PHOTO | EXPO

Tony Oursler et Jean-Luc Moulène

15 Mar - 21 Mai 2005
Vernissage le 14 Mar 2005

Ourlser. Dispositif. Chaque espace est mis en relation avec des fragments de corps, des objets, des pans de mobilier tous habités par des images vidéos et du son. Et treize portraits de prostituée réalisés par Moulène, avec leurs noms de «scène». Entre photo d’identité et photo pornographique. À propos de l’énigme et de l’indicible.

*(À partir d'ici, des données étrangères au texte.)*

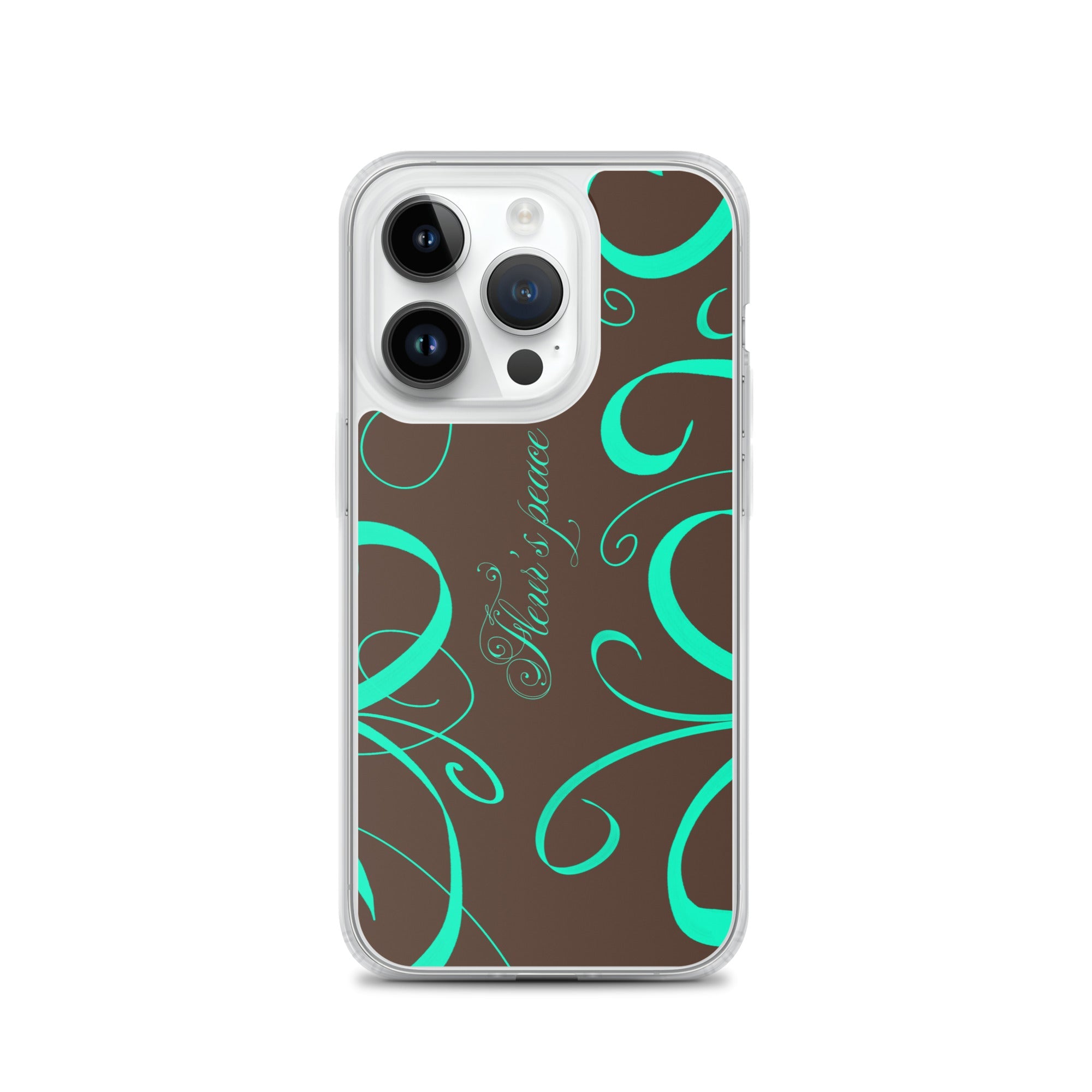 Protective Swirly Mint iphone case - Fleur's Peace
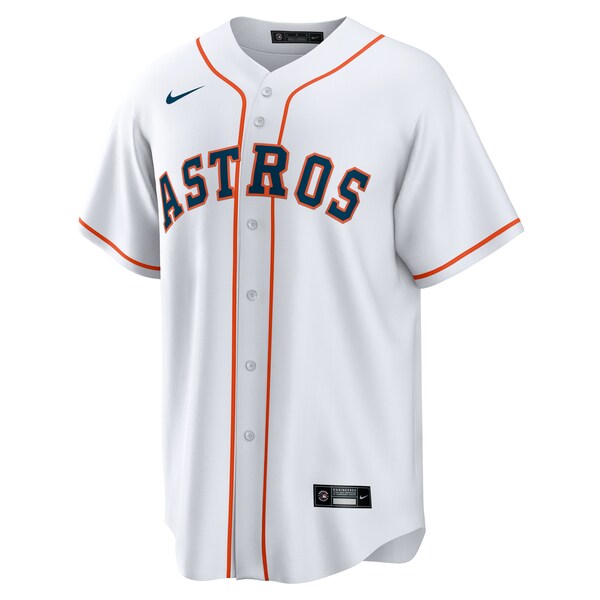 Men's Houston Astros Yainer Diaz Nike White Home Replica Jersey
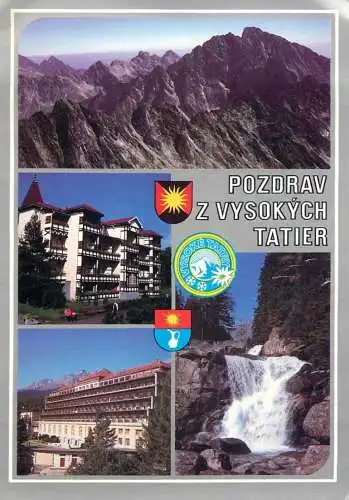 Slovakia Vysoké Tatry mountain and resort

Tony Oursler, Jean-Luc Moulène
Dispositif

«Dispositif» de Tony Oursler
Le Jeu de paume propose la première exposition monographique parisienne de l’artiste américain Tony Oursler.
Très connu pour ses projections sur des têtes parlantes (Talking Heads) et autres créatures polymorphes, Tony Oursler développe de manière très personnelle un territoire critique relevant du terme « dispositif ». Par ce dernier, nous entendons une configuration spatiale au sein de laquelle sont mis en relation des fragments de corps, des objets, des pans de mobilier, des murs, des morceaux d’architecture intérieur ou extérieur où sont projetées des images parlantes.
L’exposition propose une topographie de ces configurations, offrant au spectateur des espaces où il peut évoluer à son gré recomposant lui-même le récit.

Jean-Luc Moulène
Exposition personnelle inédite, dont Les Filles d’Amsterdam constitue le cœur. Ce projet, comme souvent dans le travail de l’artiste, concerne une «question de représentation, de représentation publique, donc une question politique».
Ces treize portraits de prostituées, avec leurs noms de «scène» pour titre fonctionnent à rebours de tout principe d’identité. Dans chacune des images qui composent cette série,
Moulène fait se fondre deux régimes d’images, héritées de deux inventions de masse qui marquent très fortement l’origine de la photographie : la photographie d’identité (à travers notamment Bertillon) et la photographie pornographique (Bellocq). À côté de ce noyau central, l’exposition présente d’autres travaux de l’artiste. Par-delà le trouble qu’elle pourra susciter, elle pose les jalons d’une réflexion sur le statut de la représentation, en poussant l’énigme du visible et de l’indicible dans ses derniers retranchements, pour révéler ce que l’on pourrait nommer des images explicites.

Commissaires
Exposition de Tony Oursler: Christine Van Assche, historienne d’art et conservateur au Musée national d’art moderne, Centre Pompidou, Paris, responsable des Nouveaux Médias.
Exposition de Jean-Luc Moulène commissionée par Regis Durand.